Tapi, semua itu hanya berupa satu-dua bangunan saja. Sementara di Bukhara, bangunan-bangunan bermozaik indah dalam ukuran masif bertebaran di seluruh sudut kota.
Masjid, madrasah, pasar, semuanya. Ini adalah visualisasi negeri 1001 malam dalam bentuk nyata! Pantaslah kalau UNESCO menetapkan situs bersejarah di kota tua Bukhara sebagai World Heritage Site.
Masih bisa dimengerti kalau bangunan tersebut difungsikan sebagai masjid. Hampir setiap daulah Islam berusaha meninggalkan jejak sejarahnya dalam bentuk masjid yang luar biasa, baik dalam skala luas maupun kemegahannya.
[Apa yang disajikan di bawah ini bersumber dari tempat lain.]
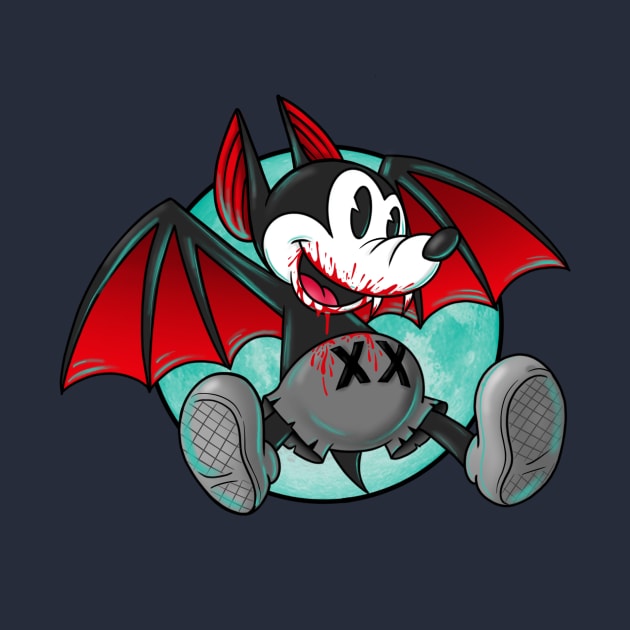 Halloween Bat by Crimemachine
Tapi, saya tidak bisa membayangkan bagaimana sekian abad silam ada madrasah yang dibangun semegah ini. Untuk ukuran sekarang pun rasanya tak akan ada sekolah atau universitas yang dibangun se-mencengangkan ini.
Tempat pertama yang kita kunjungi adalah Madrasah Mir-e-Arab. Saking takjubnya, dada saya sampai terasa sesak. Saya tak lagi bisa berkata-kata. Tak terasa sudut mata menghangat.
"Saya pengin menangis saking takjubnya melihat bangunan ini," kata saya pada Sanjar, kandidat doctor bahasa Indonesia sekaligus local guide yang menemani selama di Uzbekistan.
Madrasah Mir el Arab
Bangunan yang didirikan pada 1535 oleh Sultan Ubaidillah Khan, sampai sekarang masih difungsikan sebagai madrasah. Makam Sang Sultan dan penasihatnya yang berjuluk Mir-e-Arab atau Tuan dari Arab berada di dalam madrasah.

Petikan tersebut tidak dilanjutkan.